Task to complete: For the records below, give the number of lines containing the word "Used" and no other text.

== Data to examine ==

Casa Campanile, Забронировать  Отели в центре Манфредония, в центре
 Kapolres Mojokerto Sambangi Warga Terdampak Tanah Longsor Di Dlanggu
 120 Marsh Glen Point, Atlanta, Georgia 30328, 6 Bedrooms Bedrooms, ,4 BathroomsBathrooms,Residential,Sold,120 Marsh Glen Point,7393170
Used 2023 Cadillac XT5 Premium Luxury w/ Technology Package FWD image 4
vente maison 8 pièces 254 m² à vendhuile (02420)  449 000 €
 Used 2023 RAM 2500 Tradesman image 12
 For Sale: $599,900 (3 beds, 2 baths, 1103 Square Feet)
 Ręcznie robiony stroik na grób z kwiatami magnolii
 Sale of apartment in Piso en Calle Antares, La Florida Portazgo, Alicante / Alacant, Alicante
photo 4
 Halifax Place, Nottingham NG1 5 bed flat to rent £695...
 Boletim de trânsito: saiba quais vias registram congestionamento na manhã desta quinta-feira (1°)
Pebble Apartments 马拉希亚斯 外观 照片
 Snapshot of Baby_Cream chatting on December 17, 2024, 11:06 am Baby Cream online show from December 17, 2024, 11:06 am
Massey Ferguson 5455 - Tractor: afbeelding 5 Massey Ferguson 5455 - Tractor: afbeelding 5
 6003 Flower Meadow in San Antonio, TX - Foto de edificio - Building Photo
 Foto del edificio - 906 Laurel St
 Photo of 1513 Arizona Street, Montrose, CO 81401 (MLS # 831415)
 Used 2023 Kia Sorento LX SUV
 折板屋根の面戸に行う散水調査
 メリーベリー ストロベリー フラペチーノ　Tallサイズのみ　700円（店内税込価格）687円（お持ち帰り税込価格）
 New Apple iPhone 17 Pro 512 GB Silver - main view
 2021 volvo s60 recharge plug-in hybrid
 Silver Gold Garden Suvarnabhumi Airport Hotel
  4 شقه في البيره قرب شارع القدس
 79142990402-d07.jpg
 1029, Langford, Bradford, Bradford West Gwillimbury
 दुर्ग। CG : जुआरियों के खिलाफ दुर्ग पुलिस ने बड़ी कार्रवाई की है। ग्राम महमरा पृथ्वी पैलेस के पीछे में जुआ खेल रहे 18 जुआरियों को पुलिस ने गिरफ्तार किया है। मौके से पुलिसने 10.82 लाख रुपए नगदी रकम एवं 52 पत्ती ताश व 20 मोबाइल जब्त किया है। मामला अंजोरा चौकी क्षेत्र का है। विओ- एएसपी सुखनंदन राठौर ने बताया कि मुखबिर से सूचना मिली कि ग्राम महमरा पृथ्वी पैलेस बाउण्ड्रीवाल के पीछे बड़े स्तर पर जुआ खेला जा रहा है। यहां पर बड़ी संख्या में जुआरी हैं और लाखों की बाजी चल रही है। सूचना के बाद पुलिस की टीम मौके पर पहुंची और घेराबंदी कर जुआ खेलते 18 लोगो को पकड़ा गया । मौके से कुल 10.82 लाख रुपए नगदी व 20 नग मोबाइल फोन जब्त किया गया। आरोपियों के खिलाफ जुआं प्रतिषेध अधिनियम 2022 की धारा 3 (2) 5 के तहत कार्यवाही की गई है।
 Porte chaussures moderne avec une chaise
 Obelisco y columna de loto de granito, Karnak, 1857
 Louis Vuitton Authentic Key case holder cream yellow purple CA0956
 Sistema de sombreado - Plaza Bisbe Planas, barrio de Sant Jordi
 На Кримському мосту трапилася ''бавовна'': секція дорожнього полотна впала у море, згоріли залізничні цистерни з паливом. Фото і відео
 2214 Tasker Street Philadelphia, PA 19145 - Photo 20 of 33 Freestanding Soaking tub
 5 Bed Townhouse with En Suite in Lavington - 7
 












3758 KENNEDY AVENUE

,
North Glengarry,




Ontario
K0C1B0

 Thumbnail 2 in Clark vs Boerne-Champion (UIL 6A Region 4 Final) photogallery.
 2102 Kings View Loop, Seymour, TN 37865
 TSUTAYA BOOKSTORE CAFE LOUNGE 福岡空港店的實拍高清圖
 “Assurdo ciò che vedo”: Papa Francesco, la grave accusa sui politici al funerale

===

Solution to the exercise: 3